The birth of Oakland's Black Panthers resonated also in mainstream politics. It guaranteed passage of the bill Bobby Seale denounced before the Assembly, as Governor Reagan soon would sign new firearm restrictions with an extra provision banning weapons in public places, but Pyrrhic victory for gun control already had backfired on a grander scale. Less than a week after the sensational scare in California, officers of the National Rifle Association made front-page headlines—“Rifle Club Sees Guns As Riot Curb”—with a counterpoint study showing Negro involvement in nine of eleven selected mob actions, arguing without historical precedent that armed private citizens “could prove essential” to maintain public order. The NRA harvested fear across the color line while crusading for unfettered weaponry as vociferously as the Black Panthers, and Governor Reagan gained political stature from the specter of Huey Newton's guns. Appearing on the traumatized capitol grounds just as Bobby Seale drove away, he reassured voters by keeping a picnic date with the social studies class. Poise in crisis elevated a battered new governor who was roiling his political base with the largest state tax increase in history and the first major law to permit “therapeutic” abortion. (“I had been led to believe there was a honeymoon period,” Reagan quipped, “but evidently I lost the license on the way to the church.”) Now he renewed attacks on “central casting anarchists” with the authority of a candidate who had vowed to clamp down on unruliness from Watts to Berkeley.
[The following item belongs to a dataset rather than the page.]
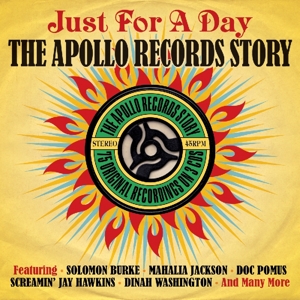 Just For A Day - The Apollo Records Story 1949-1959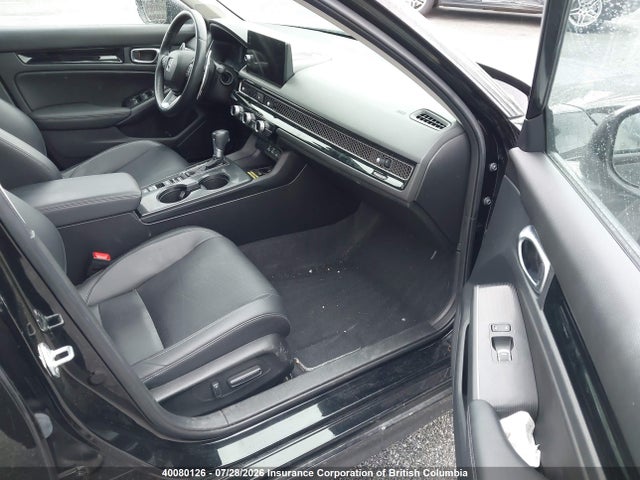 Honda Civic 2022 2HGFE1F97NH006101 Image 5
On May 15, debating Robert Kennedy in a town forum televised from London, Reagan said protest undermined domestic hope and prolonged war abroad. While Kennedy defended difficult ground—disputing students who called U.S. intervention immoral, groping for peace talks and elections (“Can you deliver the North Vietnamese?”), confronting urgent complexity from “a heritage of 150 years we've been unjust to our minority groups”—Reagan said the problem “lies in the hearts of men,” and pictured welcome change since his early years in radio when “the rulebook called baseball ‘a game for Caucasian gentlemen.'” He imagined a bright future “if the Berlin Wall should disappear.” Surprised reviewers thought the disparaged rookie governor held his own with his simple story lines.